Cash flows provided by financing activities in 2001 included the impact of
issuing $170 million in a private placement of Notes in July 2001 used to
partially fund the Cody Company acquisition. Partially offsetting this debt
increase was the reduction to the balance outstanding on the revolving credit
facility and the May 2001 prepayment of $16 million in debt that was due in May
2002.
Cash flows provided by financing activities in 2000 included $85.1 million
in proceeds received from the sale of common stock, both in a block trade and
through the exercise of employee stock options. Of the proceeds, $51.6 million
was used to repurchase all of the outstanding shares of preferred stock.
Additional cash used in financing activities included $24 million used to reduce
the year-end debt balance to $269 million from $293 million in 1999 and cash
used to pay dividends to stockholders.
We have a revolving credit facility with a group of banks, the revolving
term of which runs to October 2006. The available credit line under this
facility, currently $250 million, is subject to adjustment on the basis of the
present value of estimated future net cash flows from proved oil and gas
reserves (as determined by the banks' petroleum engineer) and other assets.
Accordingly, oil and gas prices are an important part of this computation. Since
the current price environment remains volatile, management can not predict how
future price levels may change the banks' long-term price outlook. To reduce the
impact of any redetermination, we strive to manage our debt at a level below the
available credit line in order to maintain excess borrowing capacity. At year
end, this excess capacity totaled $155 million, or 62% of the total available
credit line.
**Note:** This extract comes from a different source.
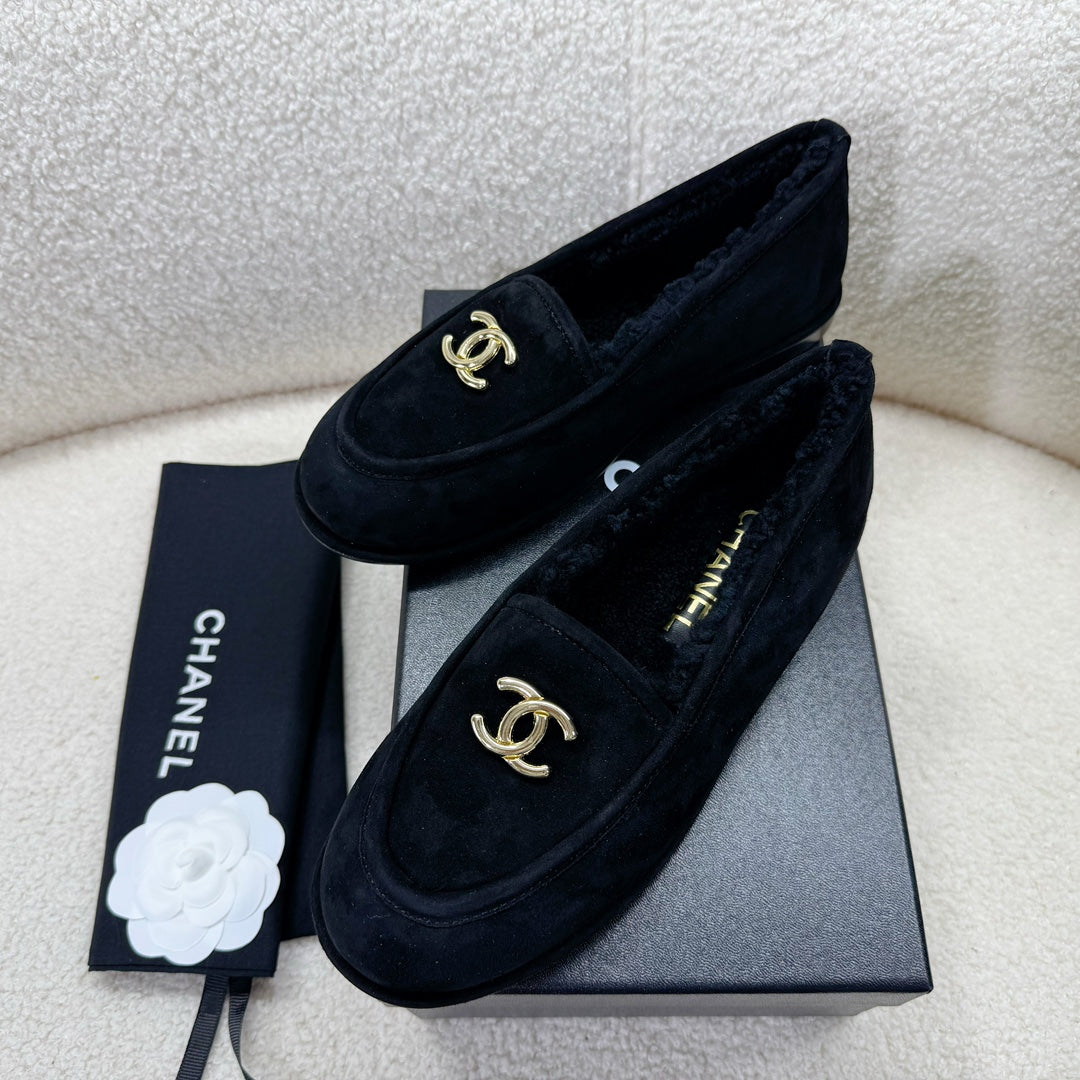 LOAFER IN BLACK SUEDE AND WOOL LINING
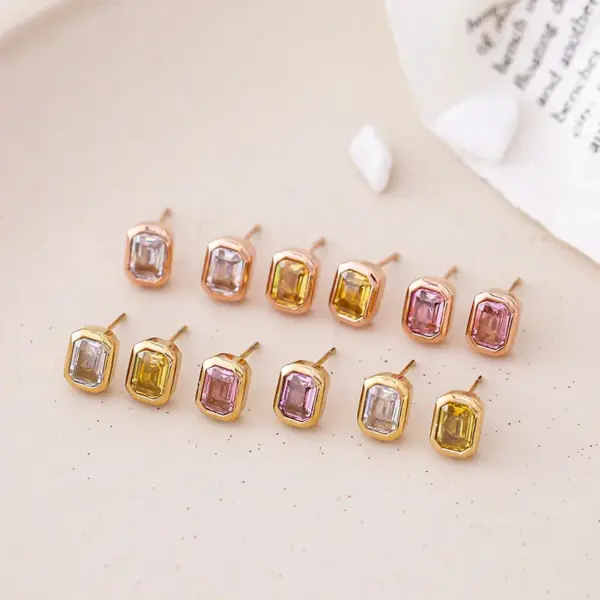 Wholesale PVD Coated 18K Gold Real Gold Plated Geometric 304 Stainless Steel Simple Style Waterproof Non Tarnish Ear Studs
Management believes it has the ability to finance, if necessary,
our capital requirements, including acquisitions. Oil and gas prices also affect
the calculation of the financial ratios for debt covenant compliance. Please
read Note 5 of the Notes to the Consolidated Financial Statements for a more
detailed discussion of our revolving credit facility.
24
In the event that the available credit line is adjusted below the
outstanding level of borrowings, we have a period of three months to reduce our
outstanding debt to the adjusted credit line with a requirement to provide
additional borrowing base assets or pay down one-third of the excess during each
of the three months.
Our 2003 interest expense is expected to be approximately $23.6 million,
including interest on the $170 million 7.33% weighted average fixed rate notes
used to partially fund the acquisition of Cody Company.
Capitalization
Our capitalization information is as follows:
As of December 31,
(In millions) 2002 2001 2000
------------------------------------------------------------------------
Long-Term Debt $ 365.0 $ 393.0 $ 253.0
Current Portion of Long-Term Debt -- -- 16.0
---------------------------
Total Debt $ 365.0 $ 393.0 $ 269.0
===========================
Stockholders' Equity
Common Stock (net of Treasury Stock) $ 350.7 $ 346.6 $ 242.5
---------------------------
Total Equity $ 350.7 $ 346.6 $ 242.5
---------------------------
Total Capitalization $ 715.7 $ 739.6 $ 511.5
===========================
Debt to Capitalization 51.0% 53.1% 52.6%
---------------------------
During 2002, dividends were paid on our common stock totaling $5.1
million. We have paid quarterly common stock dividends of $0.04 per share since
becoming publicly traded in 1990. The amount of future dividends is determined
by our Board of Directors and is dependent upon a number of factors, including
future earnings, financial condition and capital requirements.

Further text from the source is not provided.